Monday night saw PEGIDA hold a rally in the city of Dresden that attracted 25,000 marchers, calling for stricter immigration rules and an end to multiculturalism in Germany, home to 4 million Muslims, most of Turkish origin.
 
Founded on Facebook and launched with several hundred people in October, the group has grown week by week and spawned smaller copycat groups nationwide, provoking much soul-searching in a country haunted by its history of Nazi terror and the Holocaust.
 
Across Germany, 100,000 people took to the streets in counter-demonstrations Monday night, voicing support for multiculturalism and Germany's Muslim community.
 
Merkel, who is often known to avoid controversial issues, has weighed in strongly, condemning PEGIDA's leaders and stressing on Monday that "Islam is part of Germany" – a comment that was plastered on the front pages of leading newspapers.
 
But it drew criticism from a range of right-wing politicians, including members of Merkel’s CDU.
 
“What Islam does she mean? Does this include fundamental Islamist and Salafist currents?” said Wolfgang Bosbach, a veteran CDU lawmaker. “Germany has a Judeo-Christian, not an Islamic, cultural tradition.”
 
Bernd Lucke, a leader of the AfD party, said: “If we’re honest about it, Islam is foreign to Germany.”
 
A recent poll by the Bertelsmann Foundation showed 57 percent of non-Muslim Germans feel threatened by Islam.

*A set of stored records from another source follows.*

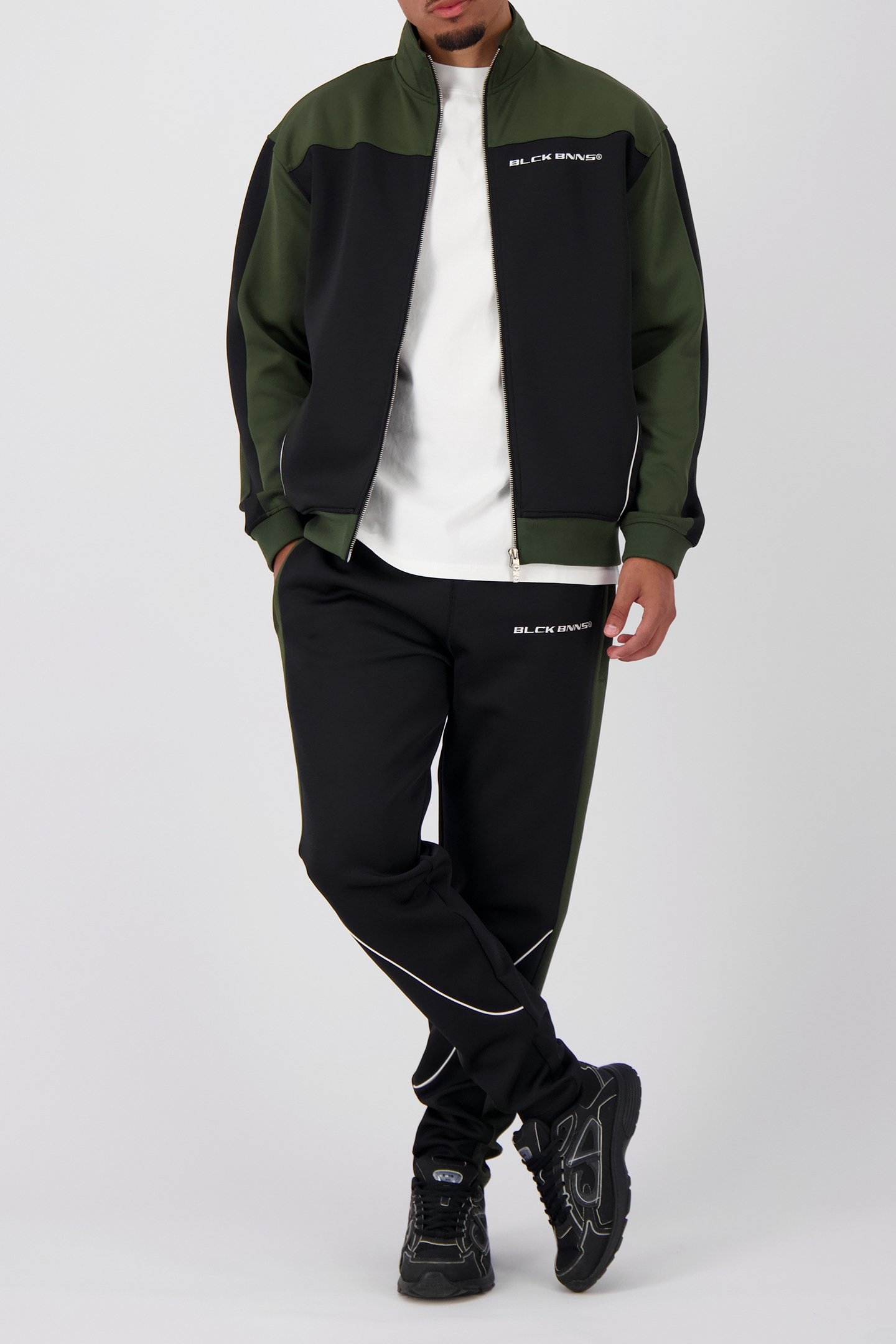 PANEL-V2 TRACKTOP MOSS GREEN 1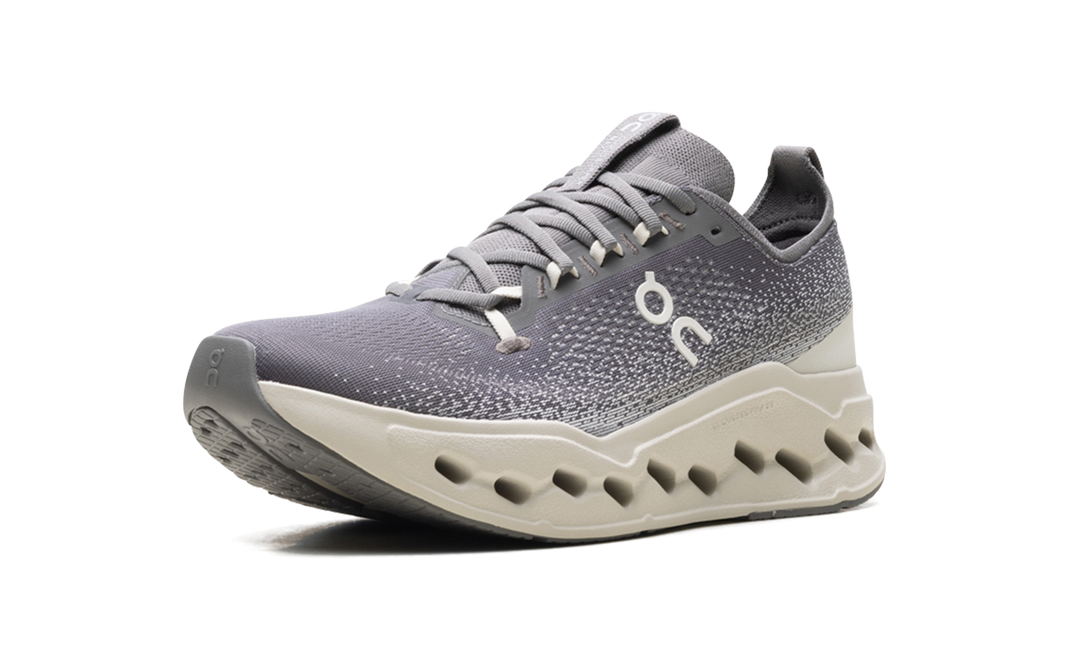 ON RUNNING CLOUDSURFER MAX ASPHALT ICE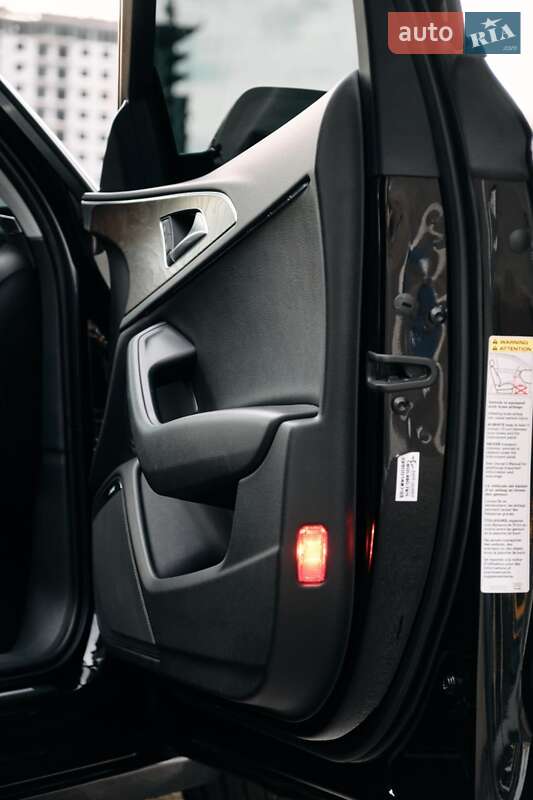 Седан Audi A6 2013 в Днепре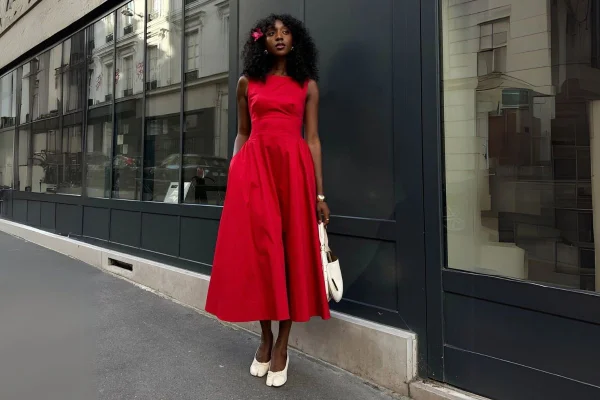 na imagem com cor, foto de influencer com vestido midi com bolsos - metrópoles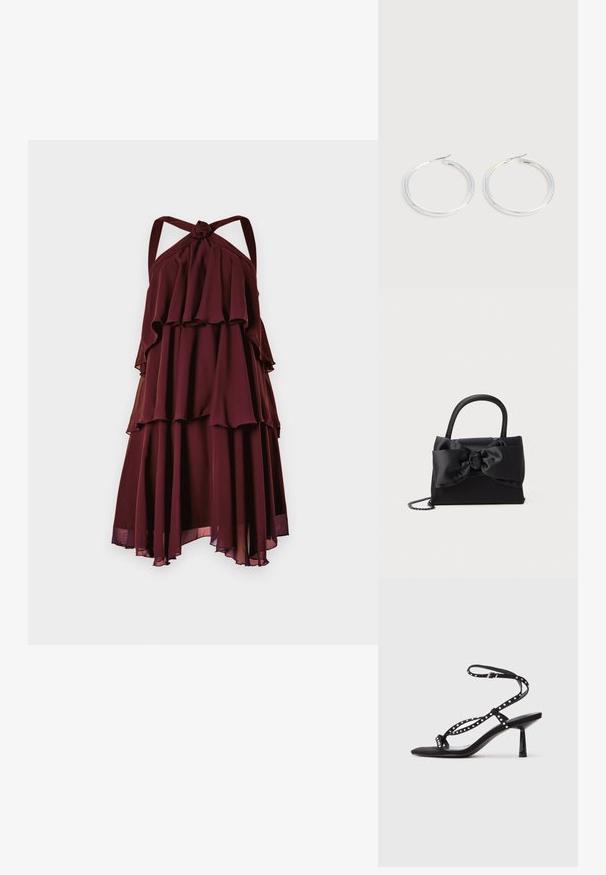 Robe bourgogne à volants, à couches, avec décolleté halter et bretelles nouées. Fabriquée en tissu léger, avec des accents transparents à l'ourlet.; Sandales à talons hauts en suede noir avec un nez pointu, une sangle à la cheville et des détails décoratifs en clous sur les sangles.; Sac à main noir en tissu lisse, orné d'un grand nœud en satin, de poignées arrondies et d'une bandoulière en chaîne. Forme rectangulaire compacte.; Paire de boucles d'oreilles créoles argentées brillantes avec fermoirs en fil fin, présentée sur un fond gris clair.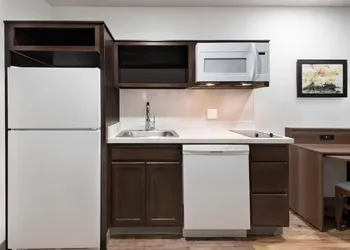 WoodSpring Suites Atlanta Airport hotel thumbnail 8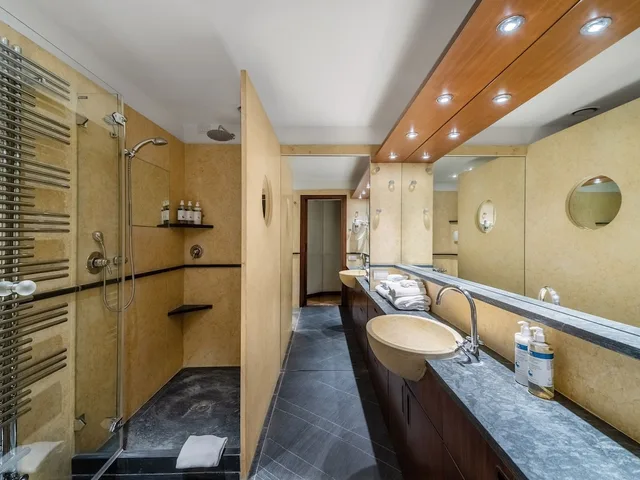Studio, Double Bed, Balcony, Kitchen, Xl، Camperio House Suites 5/5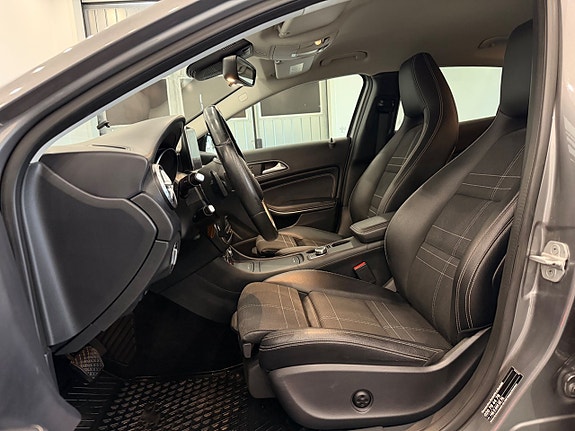 Mercedes-Benz GLA200 14 of 26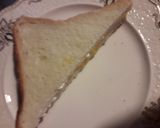 A picture of step 4 of Malai sandwich.
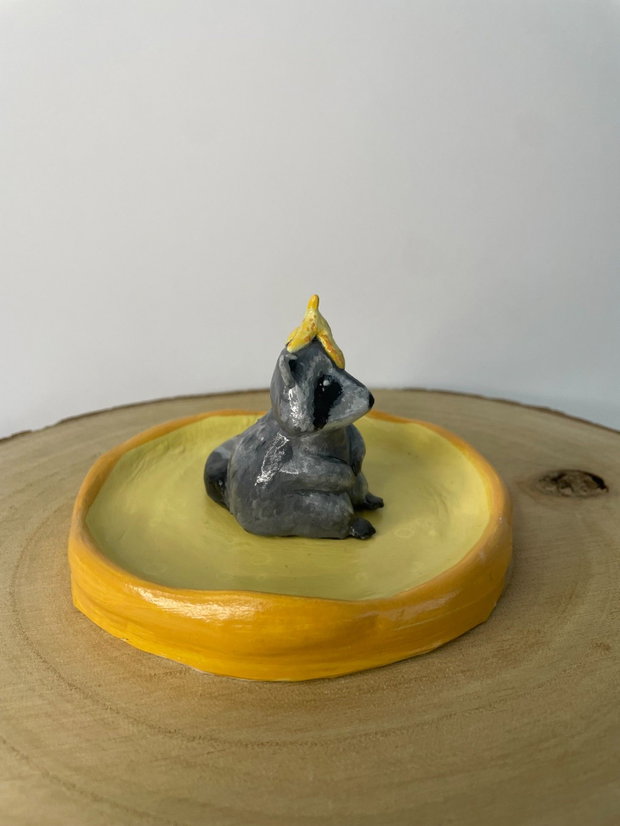 Tăviță handmade din lut cu raton pentru bijuterii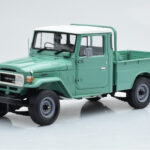 Toyota Land Cruiser 40 4x4 Pickup Vert Kyosho 1:18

It was conducted before the attacks in Paris.
 
With one of the lowest birth rates in Europe, Germany faces a demographic crisis over the coming decade and Merkel’s government is encouraging immigration to combat this.
 
In 2013, Germany saw net immigration of 437,000 people, its highest level in 20 years. It also welcomed close to 200,000 asylum seekers last year, many from war-torn Syria.